Executives from U.S. Bank opened the kimono yesterday at SourceMedia's 4th Annual Mobile Banking and Emerging Applications Summit, laying out the bank's mobile roadmap in great detail.

On the agenda for the rest of 2010 are mobile P2P payments, facilitated by a deal with CashEdge; mobile RDC in partnership with Firethorn; a mobile rewards program called FlexPerks mobile that will send offers to consumers via their mobile device; Micro-SD based payments, and a mobile shopping concierge that will used location-based information to send specific coupons to a customer based on where the customer is in a specific retail store, according to Dominic Venturo, chief innovation officer for U.S. Bank's retail payments group.

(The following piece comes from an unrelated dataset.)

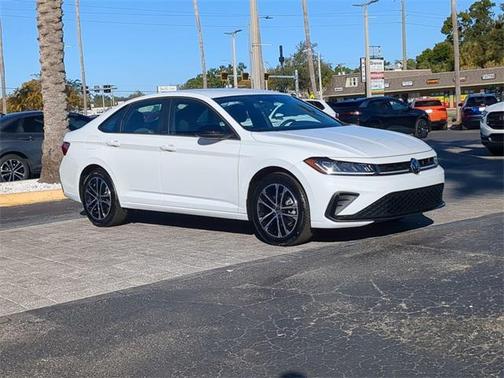 2025 Volkswagen Jetta 1.5T Sport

The mobile concierge, being developed with Infosys, is a location based-service so granular that it could send a toothpaste coupon to the smart phone of shopper who is browsing the toothpaste aisle in a grocery store. The customer would then digitally "clip" the coupon, which would store it in the mobile wallet. The wallet works in conjunction with a physical card that is swiped at the checkout, which deducts the aggregate amount of the clipped coupons from the total bill.

On the mobile P2P front, US Bank intends to launch with three-day funds availability, but with faster delivery times available in the future. And, it's intended to be a source of revenue.

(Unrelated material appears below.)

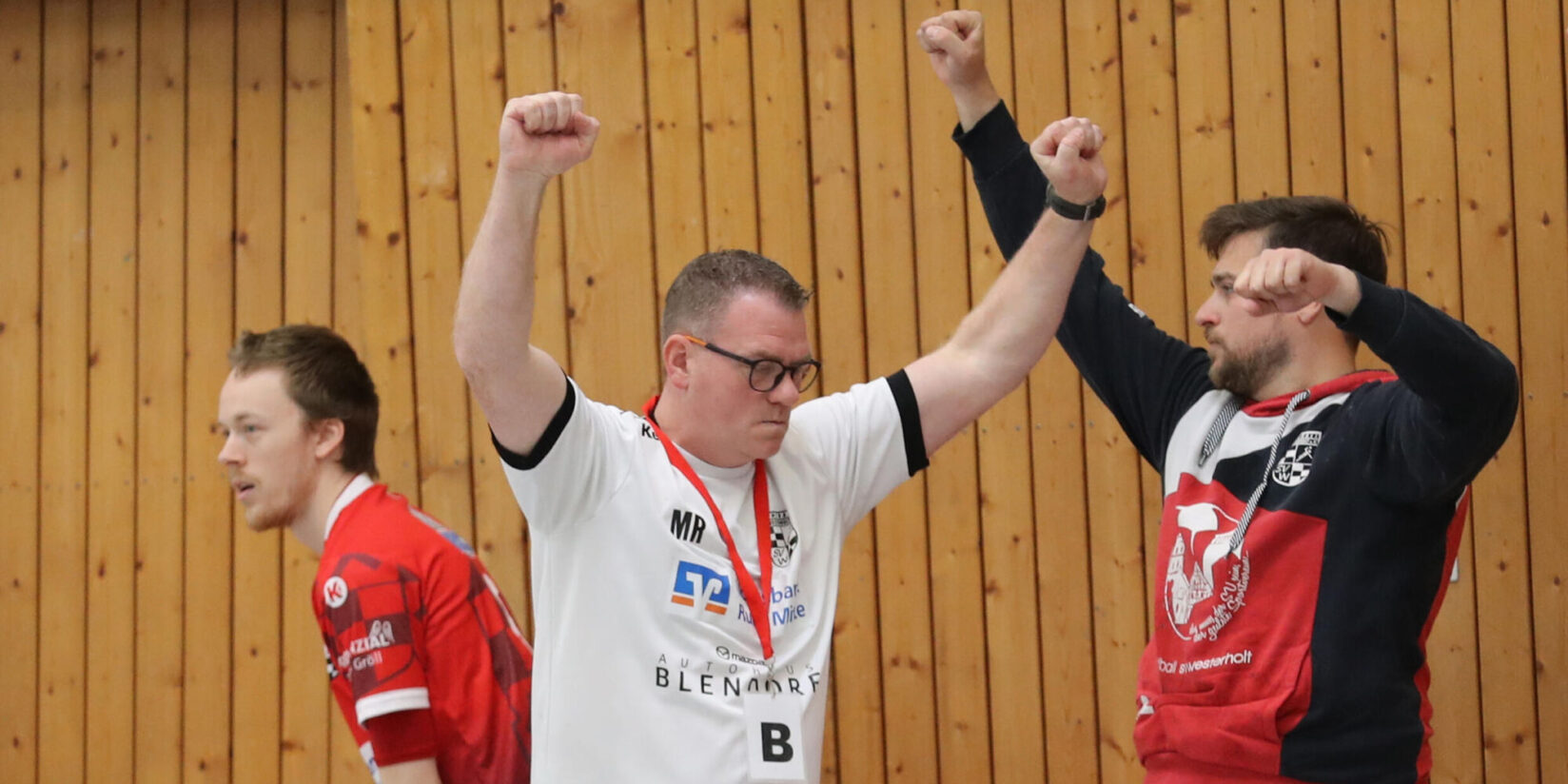 SV Westerholt besiegt Münster – Topspiel voraus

"We do think there's an ability to price those transactions. And there's demand for next day availability and ability to price for that as well," said Mac McCullough, evp and chief strategy officer for US Bank.

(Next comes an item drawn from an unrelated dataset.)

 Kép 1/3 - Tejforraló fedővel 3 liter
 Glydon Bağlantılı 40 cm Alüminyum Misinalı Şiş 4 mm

The Micro-SD payments application is being developed with Visa, Monitise, FIS and Device Fidelity, it will allow consumers to "slide to pay" on their smart phone. A pilot is planned on the bank's prepaid portfolio for the fourth quarter of this year.

The bank is also planning to pilot mobile lead capture applications and one-click mobile "apply" functions for retail banking products in 2011.

"We are casting a wide net in our mobile banking offerings," McCullough said. "We really want to have the solutions customers want and need based on current capabilities and what they're comfortable with."

US Bank also revealed some compelling statistics about its mobile users: the average age is 33, they have 1.6 times the accounts of the average user, are heavy ATM users, but infrequent users of the phone channel. And though they have lower than average balances, the value of their relationships is 1.1 times that of the average customer, McCullough said.

The bank is also currently rewriting both its consumer and small business online banking applications, with more emphasis to be placed on PFM tools for retail customers.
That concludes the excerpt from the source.